Exploiting Sparsity for Accelerated SNN Training on Graphcore IPUs
Authors: Jan Finkbeiner, Emre Neftci
Presentation type: Poster
With recent algorithmic advances in the training of spiking neural networks (SNNs), SNNs have become a promising alternative to common machine learning approaches for event-based time series data.
Although GPUs are not ideal for the distributed local computation and the sparse communication required by SNNs, they currently are the most commonly used hardware for SNN training. While neuromorphic chips that utilize the dynamical sparsity of SNNs for inference do exist, they mostly lack the necessary algorithmic flexibility to train large networks.
In this work we demonstrate that Graphcore’s IPU is a potentially promising candidate for fast and efficient large scale SNN training, as it combines both the algorithmic flexibility of GPUs with the capability to take advantage of sparse and local computations. The IPU is designed as a Multiple Instruction Multiple Data (MIMD) architecture with near-memory computing. This enables the brain-inspired principle of local computation with drastically reduced global data transfer as well as the irregular memory access patterns necessary to efficiently exploit dynamical activation sparsity and sparse connectivity.
For SNN training we use a deep learning inspired workflow with weight updates being calculated based on gradient descent with surrogate gradients. In order to enable the integration of dynamically sparse operations into the SNN training workflow on the IPU, we implement custom operations based on integer valued sparse activation tensors that interface with Tensorflow’s python API.

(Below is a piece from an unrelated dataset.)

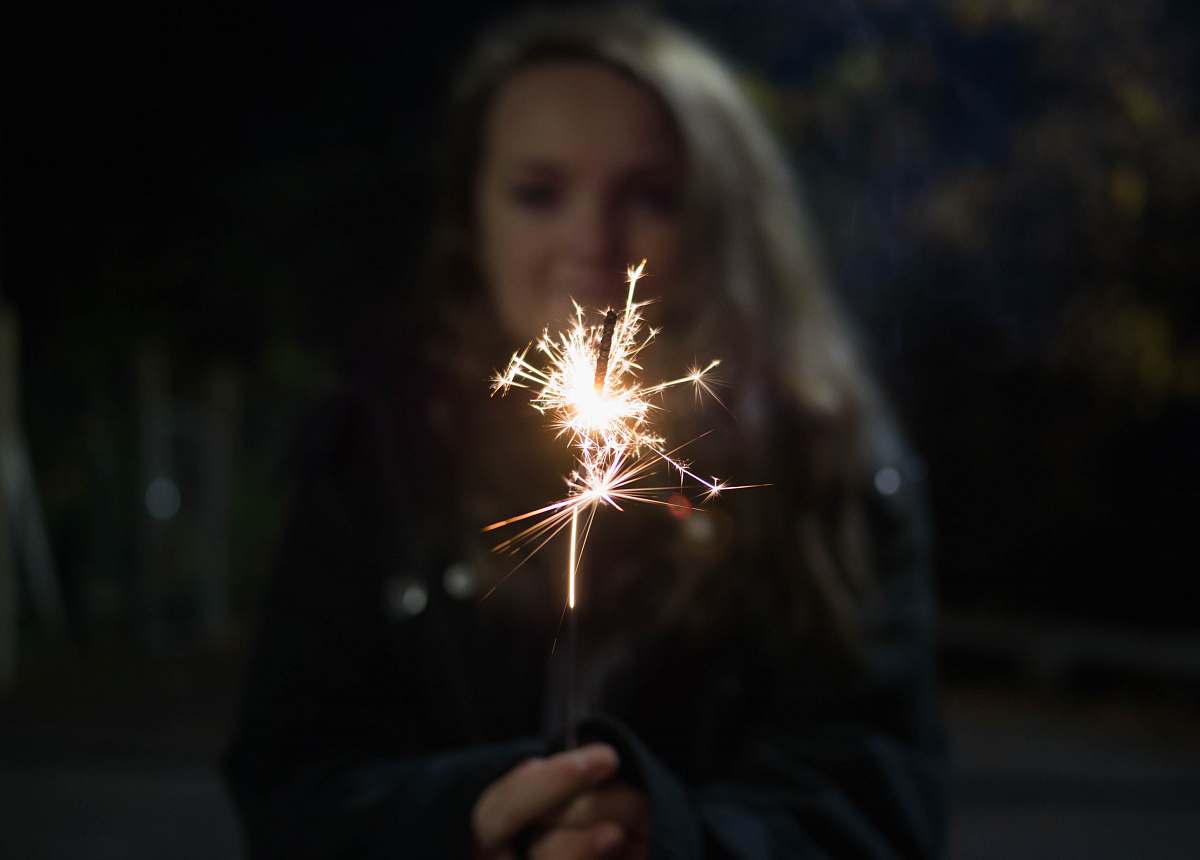 person woman holding sparkler spark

Our current results show a clear advantage in using sparse activations on the IPU by achieving at least 5-10 times higher throughput compared to a NVIDA GeForce RTX 3090 GPU, depending activation sparsity, network size and other hyperparamter choices. Our distributed SNN implementations on multiple IPUs show promising scaling behavior and potentially even greater gains due to the reduced communication requirement with sparse spiking tensors and the fast interconnect that comes with IPUs.